Il Comitato per la sicurezza dei Comuni del Garda bresciano
DESENZANO DEL GARDA - Oggi a Desenzano si è riunito il Comitato per l'ordina e la sicurezza con i Prefetto. Servono più agenti, ma fenomeni delittuosi in lieve calo.
Prosegue il ciclo dei Comitati provinciali per l’Ordine e la Sicurezza Pubblica in forma itinerante voluto dal Prefetto della provincia di Brescia, Andrea Polichetti, la cui seconda seduta si è tenuta, nella mattinata odierna, mercoledì 2 aprile, presso la Sala Consiliare del Comune di Desenzano del Garda.

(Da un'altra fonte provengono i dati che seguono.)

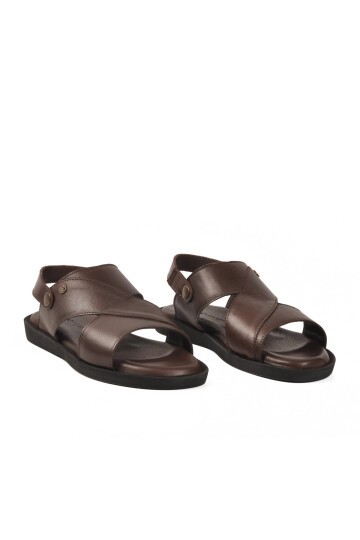 Kahve hakiki Deri Erkek Sandalet PC-7315 M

I partecipanti al Comitato
Alla riunione, presieduta dal Prefetto, hanno preso parte numerosi Sindaci dei comuni del Garda bresciano – accompagnati dai Comandanti della Polizia Locale dei rispettivi Enti – unitamente al Questore di Brescia Eugenio Spina, al Comandante provinciale dell’Arma dei Carabinieri Vittorio Fragalà, al Comandante provinciale della Guardia di Finanza Francesco Maceroni, nonché al Comandante della Polizia Provinciale Dario Saleri.
Nell’ottica del perseguimento di una sicurezza quanto più possibile “customizzata” sulla base delle esigenze concrete delle aree del territorio bresciano – obiettivo del Prefetto Polichetti sin dal momento del suo insediamento – la platea dei partecipanti ha visto coinvolti anche ulteriori fondamentali attori della sicurezza dell’area gardesana.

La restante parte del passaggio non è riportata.